Council Member Russ Southard, Sixth Ward, initially brought up the discussion of annexation after constituents asked why the city was paying property taxes to the Town of Oneonta and Laurens for the airport and reservoir.
“We pay about $100,000 in property taxes and these constituents were asking if we could annex it,” he said. “I didn’t know anything, and so I brought it forward to have a workshop.”
Wade Beltramo, NYCOM General Council, gave the presentation, where outlined all of the various ways a municipality could annex a property.
In order for the annexation to be triggered, the municipality being annexed could bring a petition, or the governments of the municipalities could meet and agree to annex the property. From there, a public hearing would be held and a vote would be taken of all the residents living in the area affected by the annexation.

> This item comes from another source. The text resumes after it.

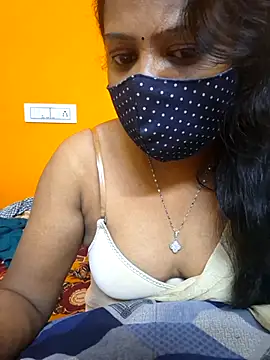 Snapshot of kanikasree chatting on 3, 12, 2025 kanikasree online show from 3, 12, 2025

“Annexation requires the consent of the people,” he said. “It is not eminent domain.”
The properties must also be contiguous, and the 87 acres of Catskill Area Hospice straddle the town/city line.
And although the presentation presented the information in general terms, Ronald DeThomas was insistent that the City had an agenda. “The City has many problems and they’re coming to the town with hands open because they’re broke,” he said. “This is a shot across the bow for the Town.”
Bob Wood, Oneonta Town Supervisor was confident that the city would not be able to annex the property. “I think it’s good that the city wanted to learn, but I don’t think it’s feasible because of the Hospice property.”
But Mayor Gary Herzig said he was pleased with the conversation. “I think we all learned something today,” he said. “It was a great session, and knowledge is always good.”